Hi There!

Welcome, Internet, to The London Re-Pat, where I will be documenting my repatriation to my UK birthplace after having been raised the majority of my life in the great state of New York. Though I always felt I had a dual identity somehow — like Bruce Wayne and Batman —  it turns out I knew very little of the British side, obviously represented by the dashing tuxedo model Bruce Wayne and also because my daily childhood life resembled that of Batman. Despite my family’s affinity for certain words or phrases which I assumed were just the family vernacular, and British sweets and book series (Enid Blyton 4 Life), I now know that I didn’t know much at all about life in the UK. In the ’80s, my parents had been resident aliens in London for a decade, during which time my sister and I were born; we returned to the US when I was 3 1/2 years old. We didn’t even get to keep the accents!

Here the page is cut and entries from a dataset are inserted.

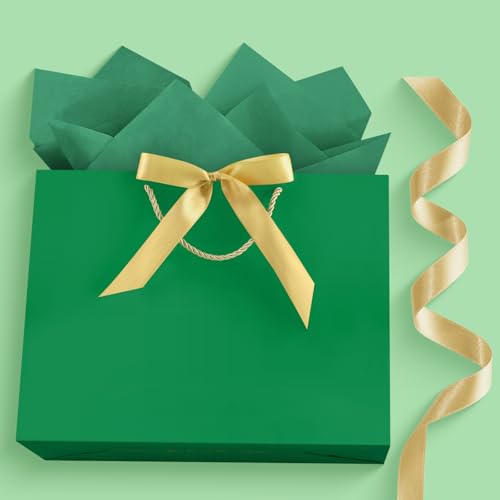 Image of JMANNI Gift Bags with Handles, 13 inch Medium Gift Bag for Presents, 1 Pcs Bags with 2 Tissue Paper and 1 Cards for Baby Shower Wedding Bridal Shower Mother's Day Birthday Party (LightGreen)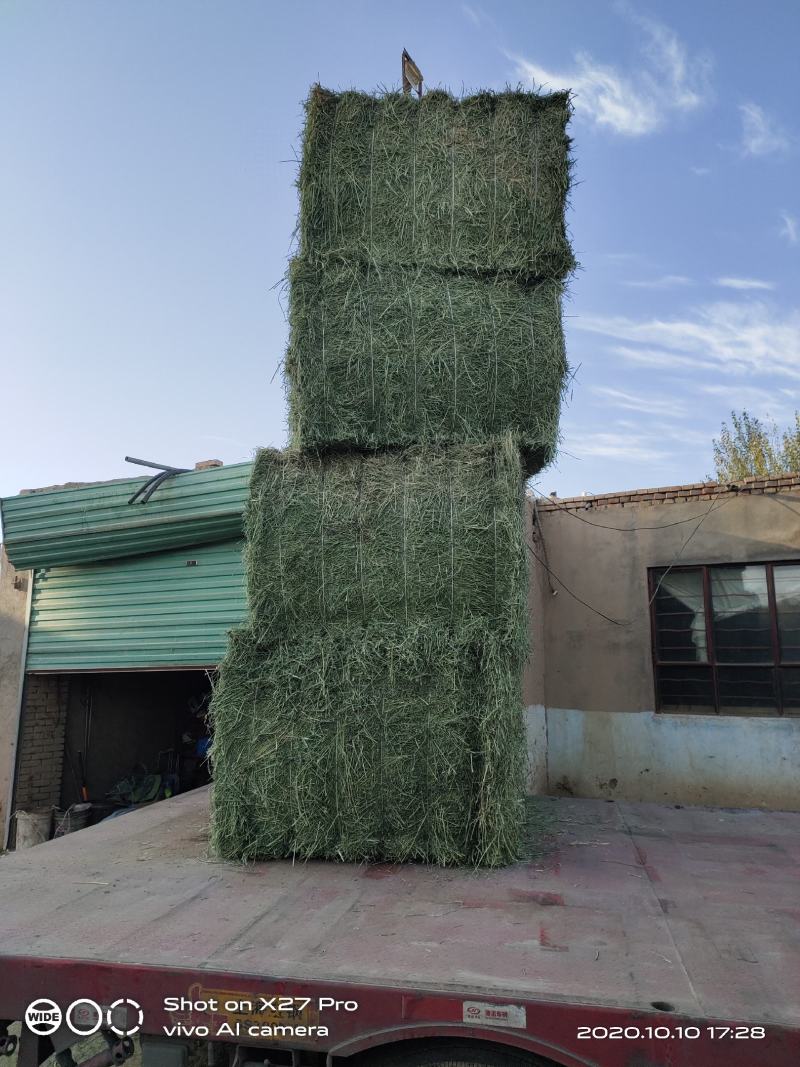 玉门苜蓿草批发紫花苜蓿草产量高蛋白含量够玉门苜蓿草
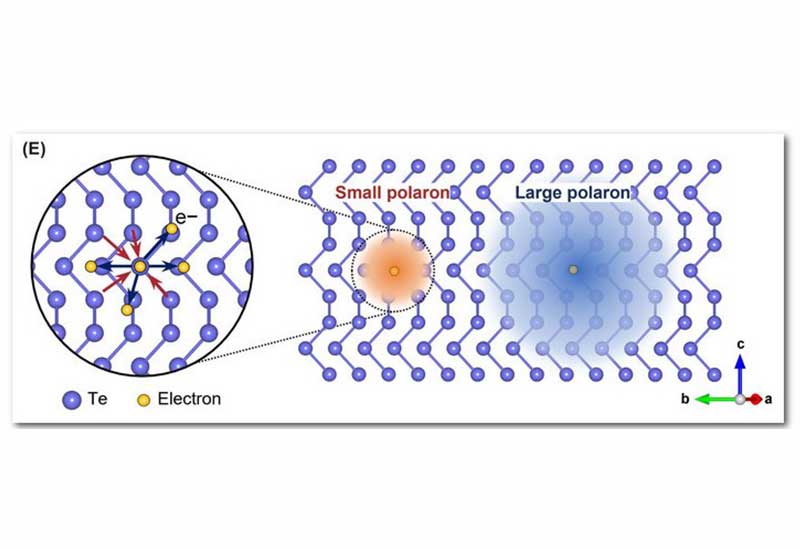 A series of illustrations showing structures from microscopy data.
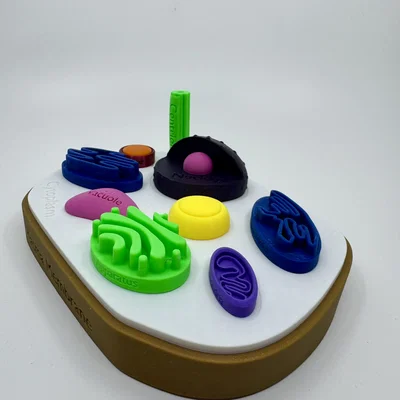 Mô hình tế bào động vật có gắn nhãn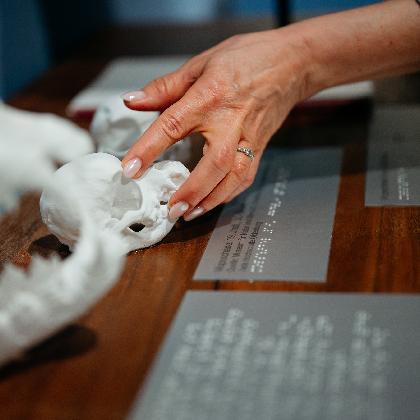 Tastend durch die Genetik im LWL-Museum für Naturkunde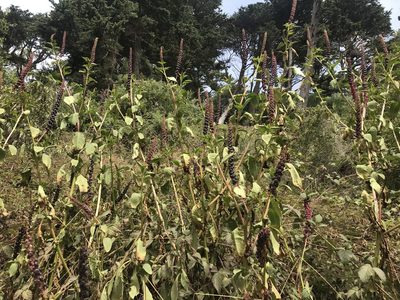 Phytolacca heterotepala, photographed by lemonsnapp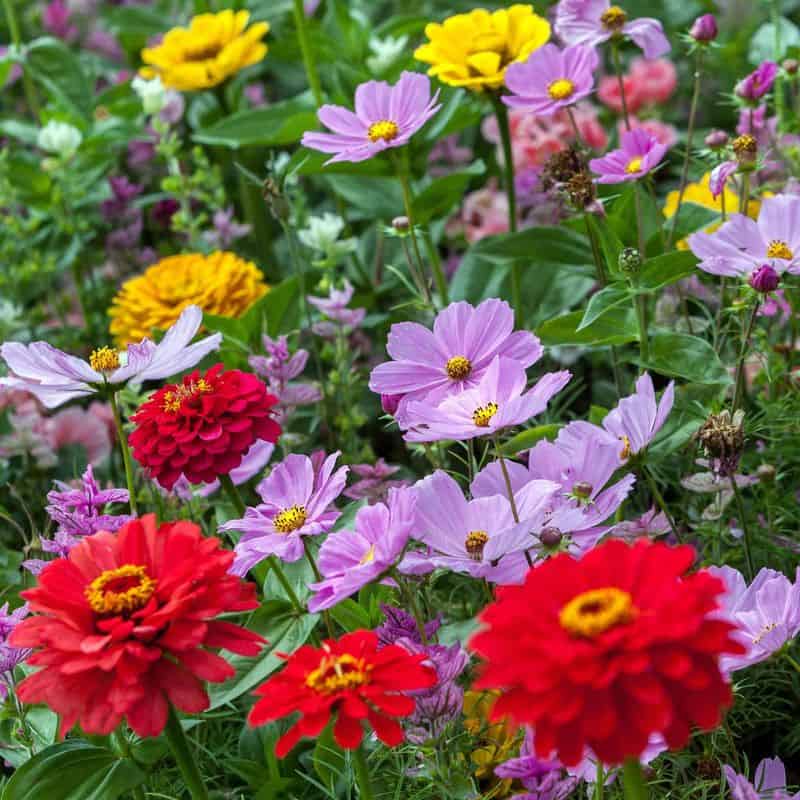 Zinnias and Cosmos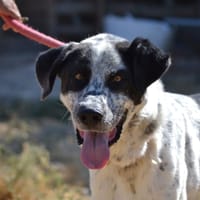 HARO, chien à adopter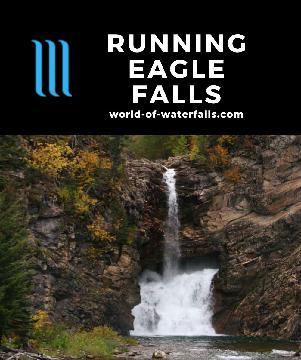 Running Eagle Falls is a waterfall that drops into a sink hole as well as itself, accessible by a short hike in Two Medicine Valley of Glacier National Park.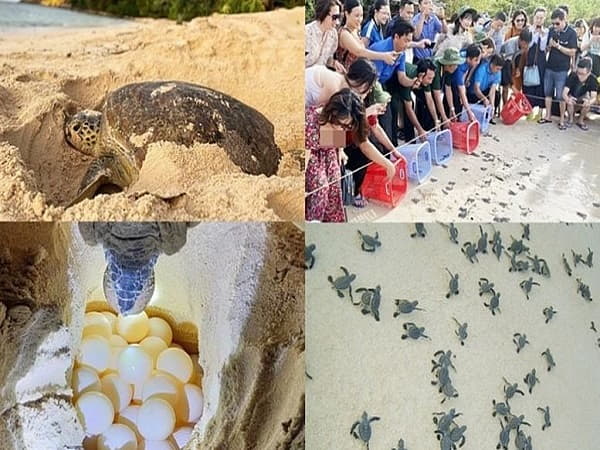 Du lịch Côn Đảo mùa mưa và mùa rùa đẻ trứng ( tháng 5 đến tháng 11) là cũng khá đẹp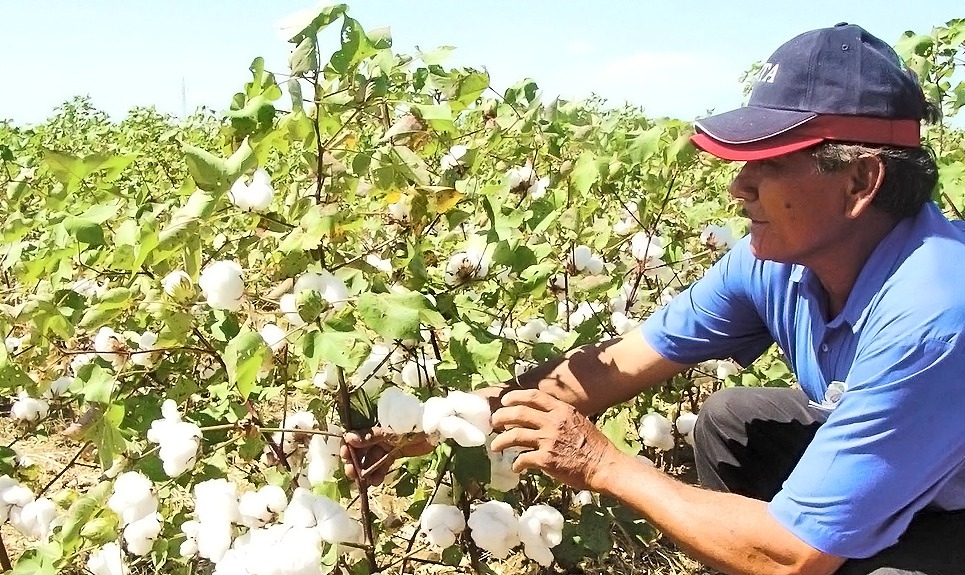 Viceministerio de Desarrollo Rural y FAO coordinan acciones para reactivar la producción de algodón
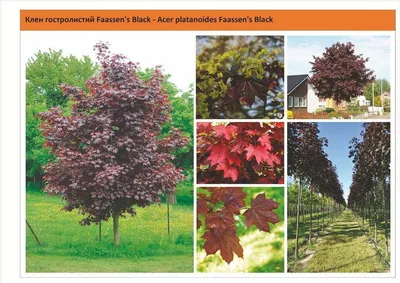 🌱 Клен ясенелистный Fassen's Black по цене от 25800 руб: крупномеры,  саженцы - купить в Москве с доставкой - интернет-магазин Все Сорта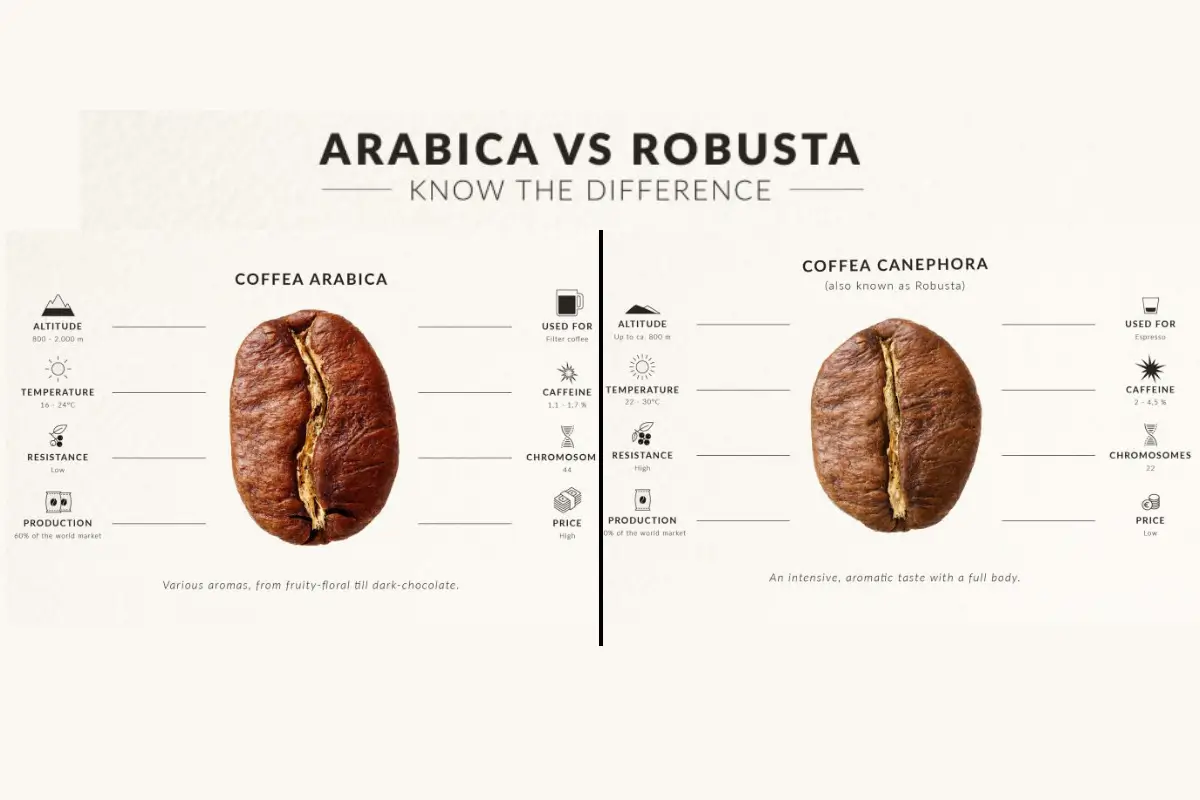 arabica vs robusta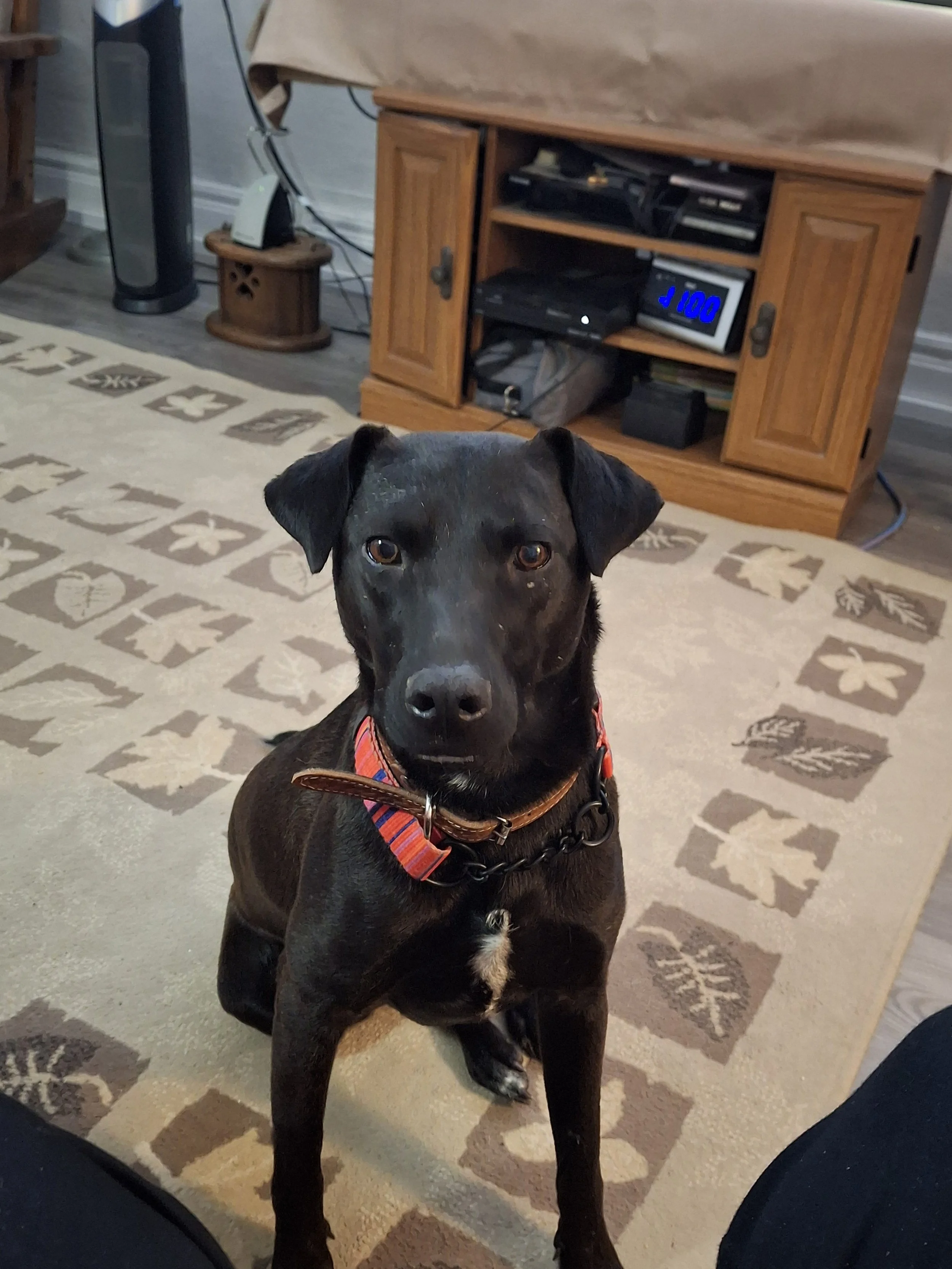 Nikki pic 5 for DSR.jpg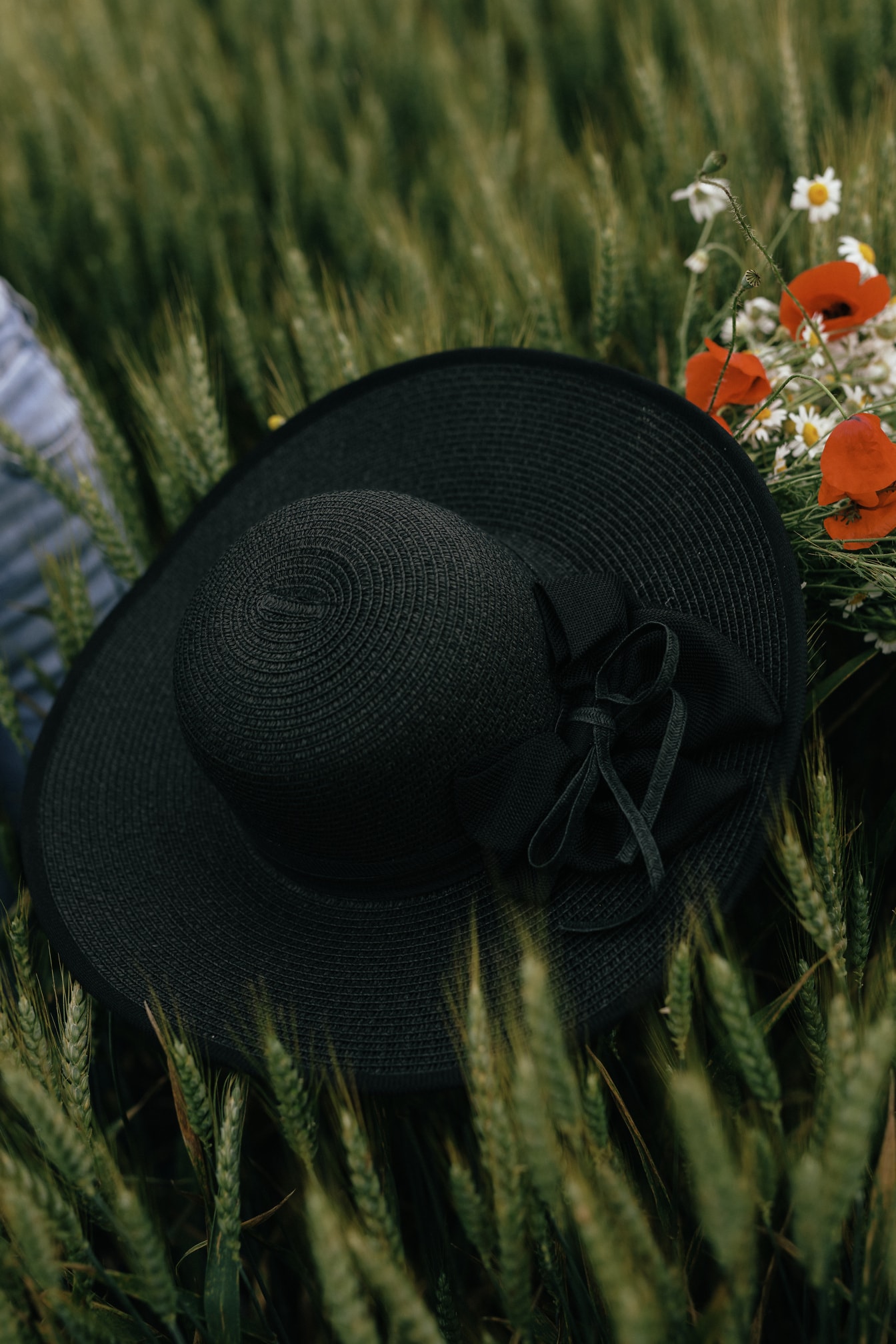 Chapéu preto da moda em um trigo verde no campo com flores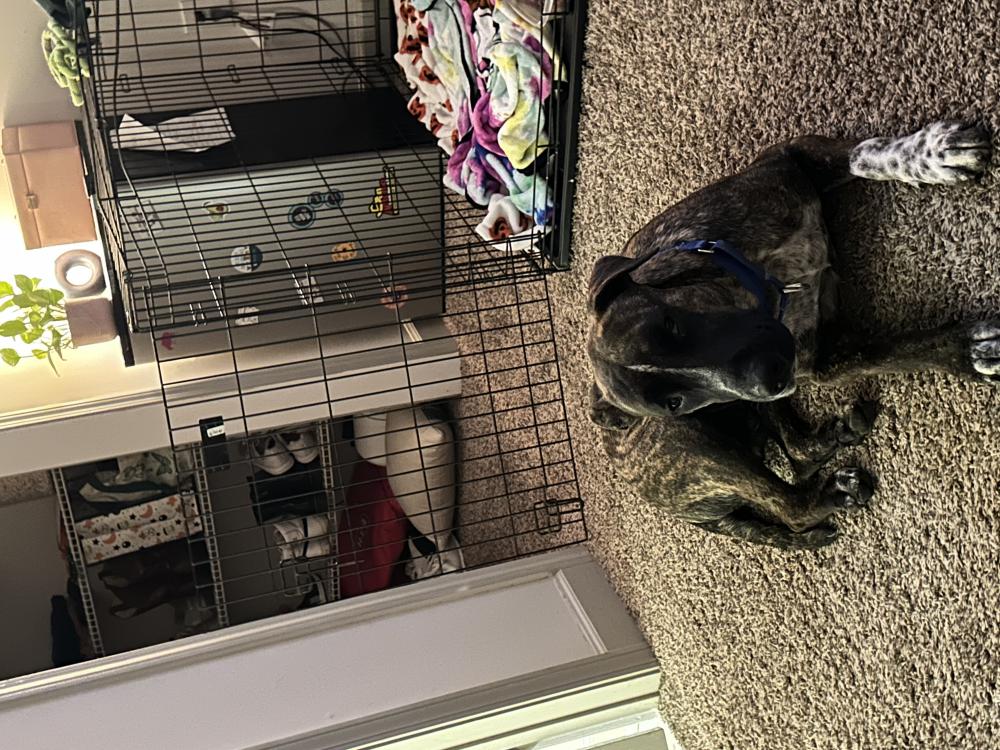 Image of Cowboy, Lost Dog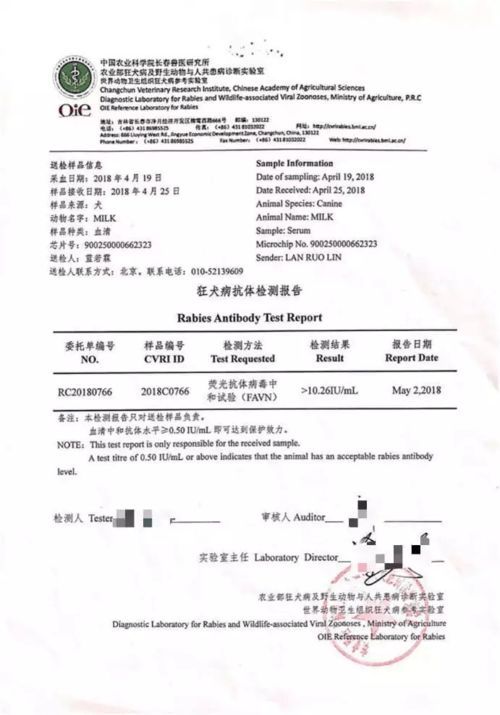 怎么带宠物出国？宠物出国前的准备清单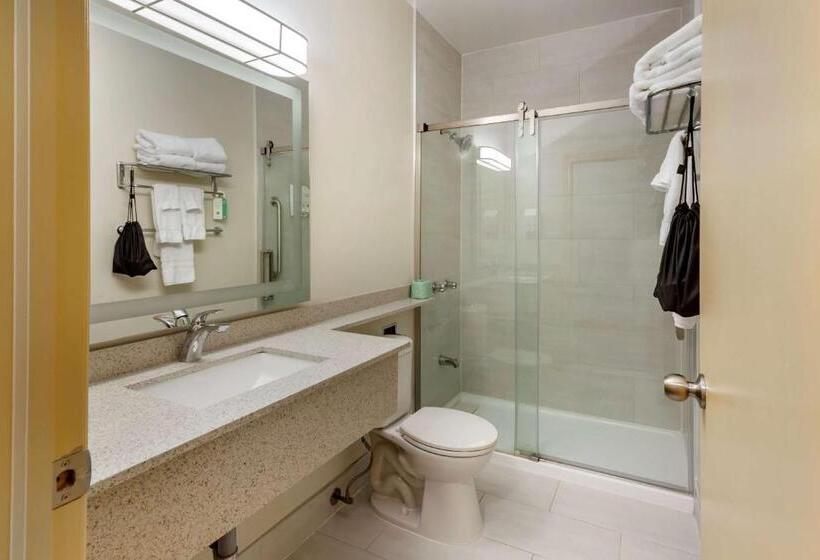 Номер Стандарт 2 Двуспальные Кровати, Surestay Plus Hotel By Best Western Kincardine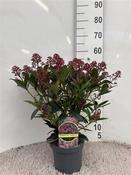 Skimmia jap. 'Rubella' C2 image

It’s a shame, that, because it really works wonders in the States.

Speaking of greetings, here is another one: “Hi there!” Despite almost never using this phrase when I lived amongst my own people in America, I have suddenly found myself clinging to it like Rose to that frozen door in Titanic when I make phone calls here. Maybe it’s because it immediately and profoundly declares me American, so people can prepare their brains for translating my pronunciation of words. Maybe it’s a hokey inflection I somehow picked up (and an unwelcome one, too). It’s the verbal equivalent of patting a teenager, who thinks she’s an adult, on the head like a child. Yet I cannot give it up. “Hello” is too solitary a greeting as one word, and when I say it to Brits, I tend to say it with a slight English inflection that I then never repeat, which I am sure confuses them. “Hey” and “Hi” are obviously too casual, and “Hello there” makes me feel like I’m desperately trying to get back to the 1950’s and the only person who can help me is this poor soul I’ve trapped on the phone. In practice, this means I often bumble awkwardly through my greeting (“Yes, oh, hi, yes, so…”) and get right to the point, albeit with a few pauses where I think about how to say things in a way in which they are most likely to be understood over a less than stellar phone connection. My diction has become fabulous.

An oft-used casual greeting by British store clerks et al is: “Alright?” This one still throws me for a loop, and I end up saying, “Um, yes thank you.” Or, “I am, are you?” I know the correct response should be to repeat “Alright” back to them, but it sounds so wrong coming off my tongue, in my accent, that I just smile, nod, and filibuster my way out of it and to the matter at hand with a very obvious look that says, “I accept your lingo and now let’s focus on my exceedingly normal desire to buy these 10 bags of garlic pita chips, please.”

Not that I need to defend myself, but England is suspiciously devoid of pita chips, so when I do see them, I buy them. All of them. (They call pita “pitta”, but do not be fooled. Just follow the pitta-patter of your stomach right to the chips/crisps aisle.)

And now we’ve come to a less fraught topic: farewells. Goodbye for now!

Cheers Best You know what? I don’t need a sign-off.